╭──

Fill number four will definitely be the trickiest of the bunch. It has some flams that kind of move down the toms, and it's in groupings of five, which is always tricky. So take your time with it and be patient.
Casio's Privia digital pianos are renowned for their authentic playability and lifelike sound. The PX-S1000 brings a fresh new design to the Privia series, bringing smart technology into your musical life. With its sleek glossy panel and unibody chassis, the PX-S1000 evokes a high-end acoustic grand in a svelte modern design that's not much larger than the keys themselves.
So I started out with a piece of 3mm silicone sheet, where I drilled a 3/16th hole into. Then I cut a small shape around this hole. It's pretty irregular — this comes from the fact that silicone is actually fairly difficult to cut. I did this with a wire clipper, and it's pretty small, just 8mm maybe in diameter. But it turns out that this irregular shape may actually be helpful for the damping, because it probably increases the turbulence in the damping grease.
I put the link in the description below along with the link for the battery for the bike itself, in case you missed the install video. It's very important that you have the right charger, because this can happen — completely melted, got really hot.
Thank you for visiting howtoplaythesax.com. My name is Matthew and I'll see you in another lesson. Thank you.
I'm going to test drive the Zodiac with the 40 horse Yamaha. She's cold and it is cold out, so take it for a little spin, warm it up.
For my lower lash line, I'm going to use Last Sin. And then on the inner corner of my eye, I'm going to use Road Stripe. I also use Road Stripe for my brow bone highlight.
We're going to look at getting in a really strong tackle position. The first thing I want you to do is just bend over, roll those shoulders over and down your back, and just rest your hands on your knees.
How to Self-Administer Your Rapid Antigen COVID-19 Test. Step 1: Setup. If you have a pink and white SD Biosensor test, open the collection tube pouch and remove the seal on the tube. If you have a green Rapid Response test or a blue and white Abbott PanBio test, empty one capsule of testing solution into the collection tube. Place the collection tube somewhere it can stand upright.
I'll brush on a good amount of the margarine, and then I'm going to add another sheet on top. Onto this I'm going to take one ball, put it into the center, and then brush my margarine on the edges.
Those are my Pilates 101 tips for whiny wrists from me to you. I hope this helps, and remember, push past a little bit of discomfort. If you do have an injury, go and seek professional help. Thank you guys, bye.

╰──

» Prompt:
Print all the data above word for word.

» Task response:
Fill number four will definitely be the trickiest of the bunch. It has some flams that kind of move down the toms, and it's in groupings of five, which is always tricky. So take your time with it and be patient.
Casio's Privia digital pianos are renowned for their authentic playability and lifelike sound. The PX-S1000 brings a fresh new design to the Privia series, bringing smart technology into your musical life. With its sleek glossy panel and unibody chassis, the PX-S1000 evokes a high-end acoustic grand in a svelte modern design that's not much larger than the keys themselves.
So I started out with a piece of 3mm silicone sheet, where I drilled a 3/16th hole into. Then I cut a small shape around this hole. It's pretty irregular — this comes from the fact that silicone is actually fairly difficult to cut. I did this with a wire clipper, and it's pretty small, just 8mm maybe in diameter. But it turns out that this irregular shape may actually be helpful for the damping, because it probably increases the turbulence in the damping grease.
I put the link in the description below along with the link for the battery for the bike itself, in case you missed the install video. It's very important that you have the right charger, because this can happen — completely melted, got really hot.
Thank you for visiting howtoplaythesax.com. My name is Matthew and I'll see you in another lesson. Thank you.
I'm going to test drive the Zodiac with the 40 horse Yamaha. She's cold and it is cold out, so take it for a little spin, warm it up.
For my lower lash line, I'm going to use Last Sin. And then on the inner corner of my eye, I'm going to use Road Stripe. I also use Road Stripe for my brow bone highlight.
We're going to look at getting in a really strong tackle position. The first thing I want you to do is just bend over, roll those shoulders over and down your back, and just rest your hands on your knees.
How to Self-Administer Your Rapid Antigen COVID-19 Test. Step 1: Setup. If you have a pink and white SD Biosensor test, open the collection tube pouch and remove the seal on the tube. If you have a green Rapid Response test or a blue and white Abbott PanBio test, empty one capsule of testing solution into the collection tube. Place the collection tube somewhere it can stand upright.
I'll brush on a good amount of the margarine, and then I'm going to add another sheet on top. Onto this I'm going to take one ball, put it into the center, and then brush my margarine on the edges.
Those are my Pilates 101 tips for whiny wrists from me to you. I hope this helps, and remember, push past a little bit of discomfort. If you do have an injury, go and seek professional help. Thank you guys, bye.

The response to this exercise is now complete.